RuntimeError: Expected 2D (unbatched) or 3D (batched) input to conv1d, but got input of size: [24, 1024, 32, 32]

3vaD3 commented 2 years ago

SOLVED partially: I had the same issue [55 1024 32 32]... for me at least it was pytorch incompatibility doesn't like pytorch 1.11.0 nor 1.0.1...

I commented out the 5 lines regarding install dependencies, Anna, conda, pip3... etc and replaced it with what's below....

Install: PyTorch (we assume 1.5.1 but VISSL works with all PyTorch versions >=1.4)

!pip install torch==1.5.1+cu101 torchvision==0.6.1+cu101 -f https://download.pytorch.org/whl/torch_stable.html

install opencv

!pip install opencv-python

install apex by checking system settings: cuda version, pytorch version, python version

import sys import torch version_str="".join([ f"py3{sys.version_info.minor}_cu", torch.version.cuda.replace(".",""), f"_pyt{torch.version[0:5:2]}" ]) print(version_str)

install apex (pre-compiled with optimizer C++ extensions and CUDA kernels)
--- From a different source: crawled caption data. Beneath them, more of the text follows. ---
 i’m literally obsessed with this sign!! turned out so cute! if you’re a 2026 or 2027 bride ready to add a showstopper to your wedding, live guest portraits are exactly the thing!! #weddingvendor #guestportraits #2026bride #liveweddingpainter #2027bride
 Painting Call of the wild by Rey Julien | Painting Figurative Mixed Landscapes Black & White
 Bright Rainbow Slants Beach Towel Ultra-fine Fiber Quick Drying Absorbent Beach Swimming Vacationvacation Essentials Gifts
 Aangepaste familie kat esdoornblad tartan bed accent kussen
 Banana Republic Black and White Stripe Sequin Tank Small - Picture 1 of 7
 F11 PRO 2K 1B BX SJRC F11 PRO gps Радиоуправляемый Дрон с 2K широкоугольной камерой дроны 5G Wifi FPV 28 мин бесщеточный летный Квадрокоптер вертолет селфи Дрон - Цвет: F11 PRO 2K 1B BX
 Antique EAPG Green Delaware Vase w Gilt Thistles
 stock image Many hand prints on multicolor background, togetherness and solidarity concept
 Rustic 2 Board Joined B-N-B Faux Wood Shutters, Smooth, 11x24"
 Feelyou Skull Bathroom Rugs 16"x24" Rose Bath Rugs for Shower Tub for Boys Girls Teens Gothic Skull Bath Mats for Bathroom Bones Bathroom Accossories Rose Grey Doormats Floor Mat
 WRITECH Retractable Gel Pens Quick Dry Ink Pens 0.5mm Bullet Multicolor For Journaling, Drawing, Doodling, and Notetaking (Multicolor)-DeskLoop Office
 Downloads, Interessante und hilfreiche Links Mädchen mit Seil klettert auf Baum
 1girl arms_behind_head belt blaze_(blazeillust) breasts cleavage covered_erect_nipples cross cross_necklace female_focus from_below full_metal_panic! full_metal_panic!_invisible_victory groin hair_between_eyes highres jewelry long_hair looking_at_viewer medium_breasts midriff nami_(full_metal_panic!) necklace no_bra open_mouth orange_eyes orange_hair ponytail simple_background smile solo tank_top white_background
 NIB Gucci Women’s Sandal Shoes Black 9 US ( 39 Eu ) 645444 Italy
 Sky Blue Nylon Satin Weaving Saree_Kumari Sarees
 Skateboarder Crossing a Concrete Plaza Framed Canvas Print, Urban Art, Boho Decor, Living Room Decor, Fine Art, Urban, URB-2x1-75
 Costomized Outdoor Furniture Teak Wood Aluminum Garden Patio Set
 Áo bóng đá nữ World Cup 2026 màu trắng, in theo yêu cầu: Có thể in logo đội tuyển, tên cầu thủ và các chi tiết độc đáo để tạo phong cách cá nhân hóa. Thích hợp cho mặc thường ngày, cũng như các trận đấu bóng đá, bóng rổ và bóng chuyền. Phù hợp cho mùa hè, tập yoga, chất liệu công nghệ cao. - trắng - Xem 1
!pip install apex -f https://dl.fbaipublicfiles.com/vissl/packaging/apexwheels/{version_str}/download.html

install VISSL

!pip install vissl

NEW ISSUE.... Gpu RAM insufficient! On target.mp4 segmentation

zero-nnkn commented 2 years ago

You can try this issue's solution: #161

YuvalNirkin commented 1 year ago

Thank you. This is issue should be fixed now. Follow the new installation instructions.